THE TASK:
In the entries below, repeat only the lines between those holding "Anillo de Luto" and "Congreso del Estado", inclusive. Leave pictures out.

***** GIVEN DATA

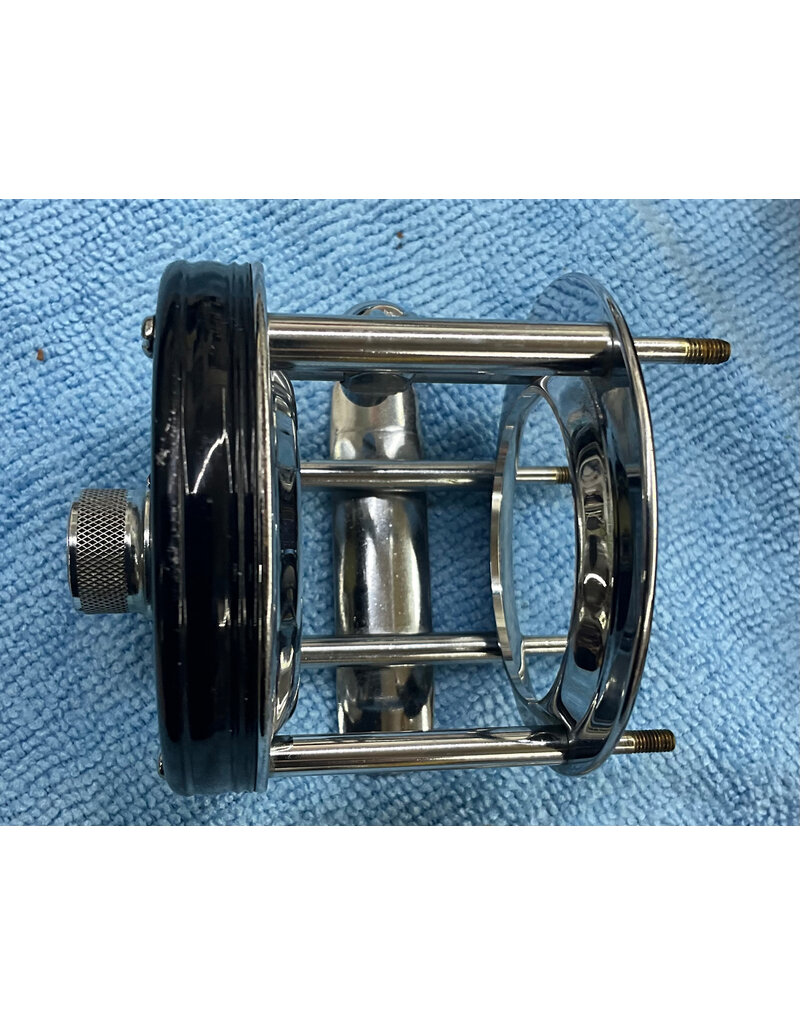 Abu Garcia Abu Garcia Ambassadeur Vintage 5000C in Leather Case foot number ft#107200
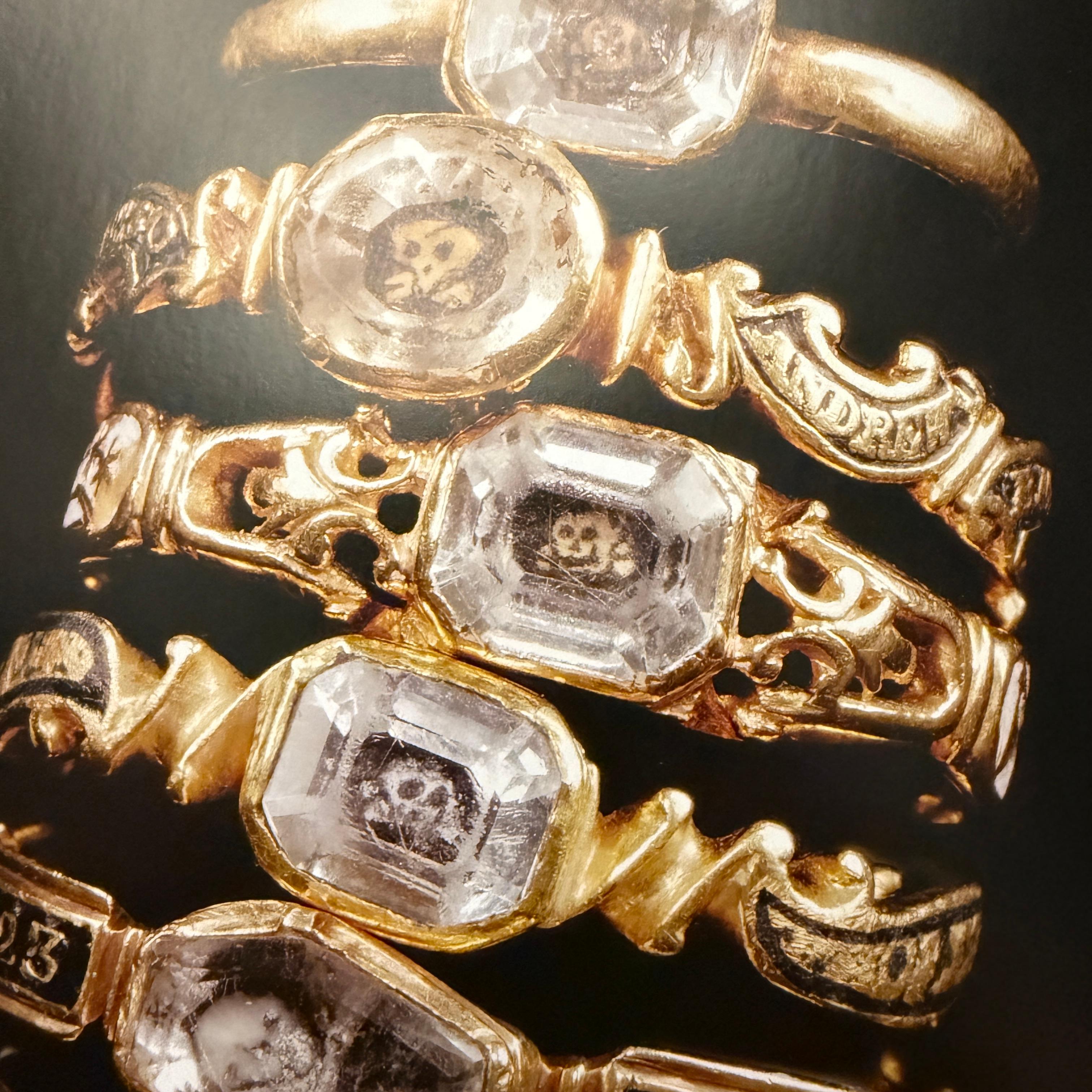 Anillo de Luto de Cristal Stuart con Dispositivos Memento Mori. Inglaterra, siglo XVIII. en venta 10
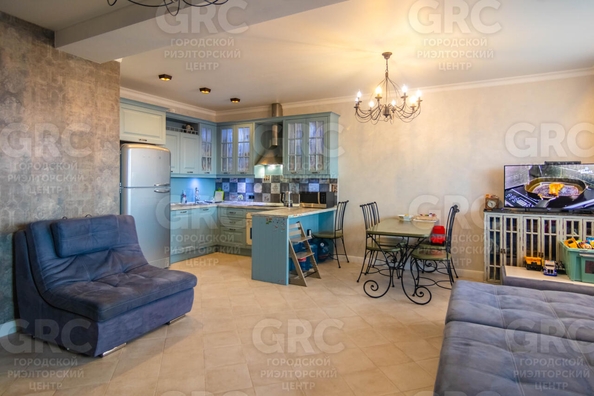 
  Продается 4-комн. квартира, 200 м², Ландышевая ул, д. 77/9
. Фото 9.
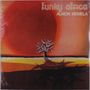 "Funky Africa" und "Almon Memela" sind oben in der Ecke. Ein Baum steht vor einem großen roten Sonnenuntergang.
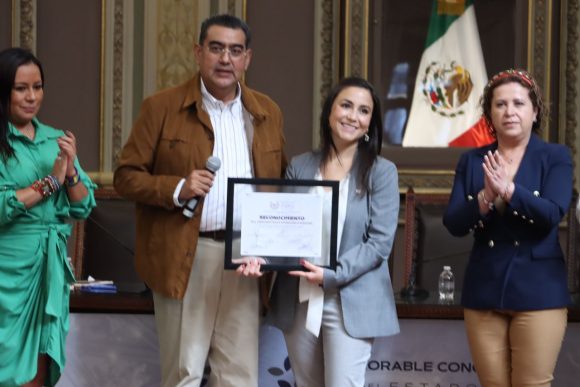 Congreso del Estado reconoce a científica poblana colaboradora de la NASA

**********
***** GIVEN DATA

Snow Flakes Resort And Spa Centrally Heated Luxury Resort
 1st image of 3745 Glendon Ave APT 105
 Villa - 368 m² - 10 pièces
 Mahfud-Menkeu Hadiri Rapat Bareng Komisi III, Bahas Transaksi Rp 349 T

**********
***** GIVEN DATA

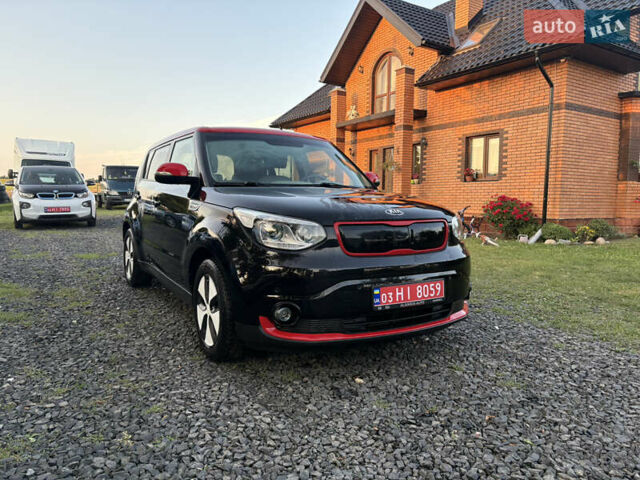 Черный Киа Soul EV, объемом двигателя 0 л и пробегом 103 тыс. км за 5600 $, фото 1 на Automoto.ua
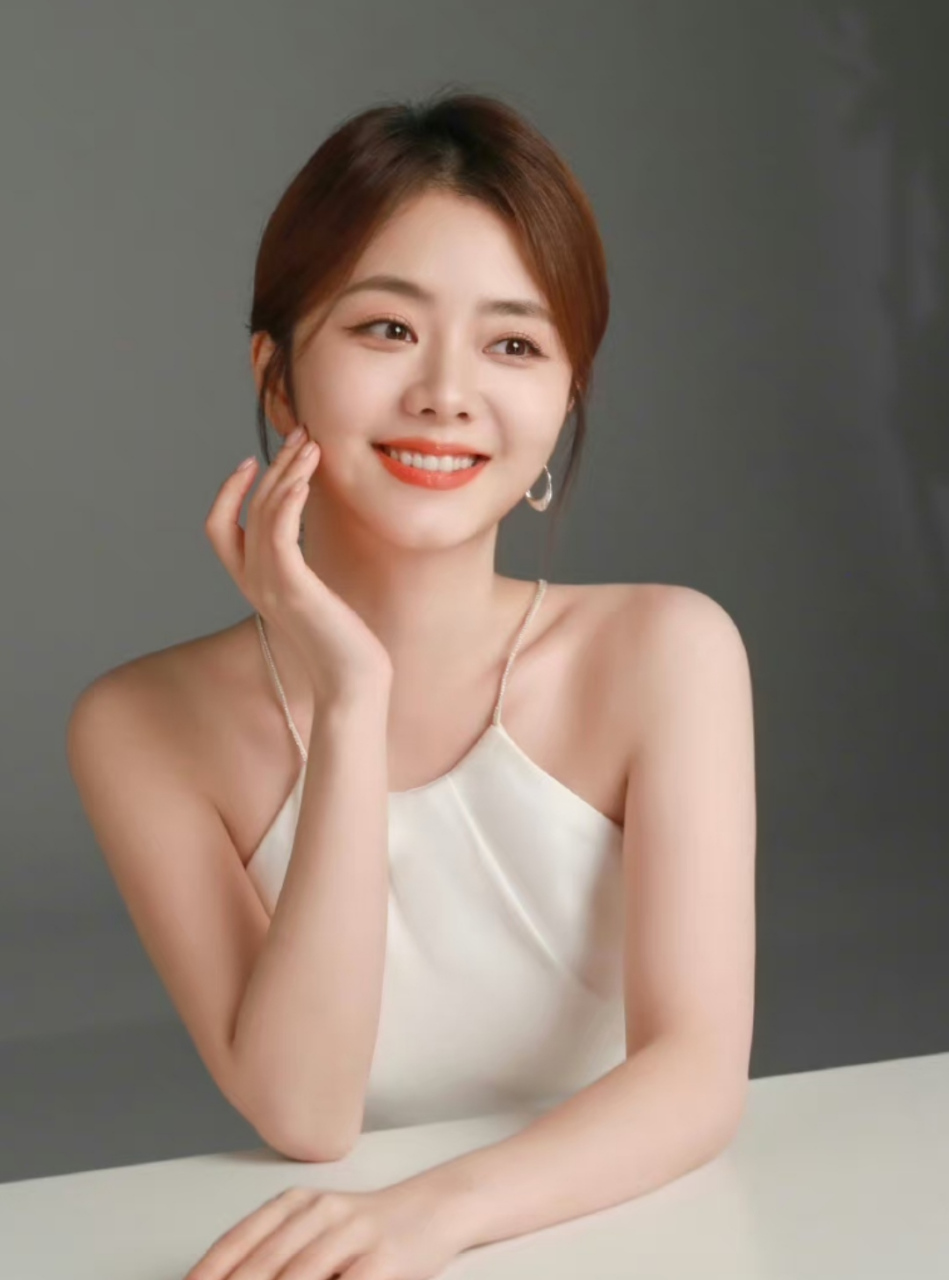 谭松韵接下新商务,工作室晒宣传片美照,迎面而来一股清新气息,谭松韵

**********

SOLUTION TO THE EXERCISE:
 Anillo de Luto de Cristal Stuart con Dispositivos Memento Mori. Inglaterra, siglo XVIII. en venta 10
  Продается 4-комн. квартира, 200 м², Ландышевая ул, д. 77/9
. Фото 9.
 "Funky Africa" und "Almon Memela" sind oben in der Ecke. Ein Baum steht vor einem großen roten Sonnenuntergang.
 Congreso del Estado reconoce a científica poblana colaboradora de la NASA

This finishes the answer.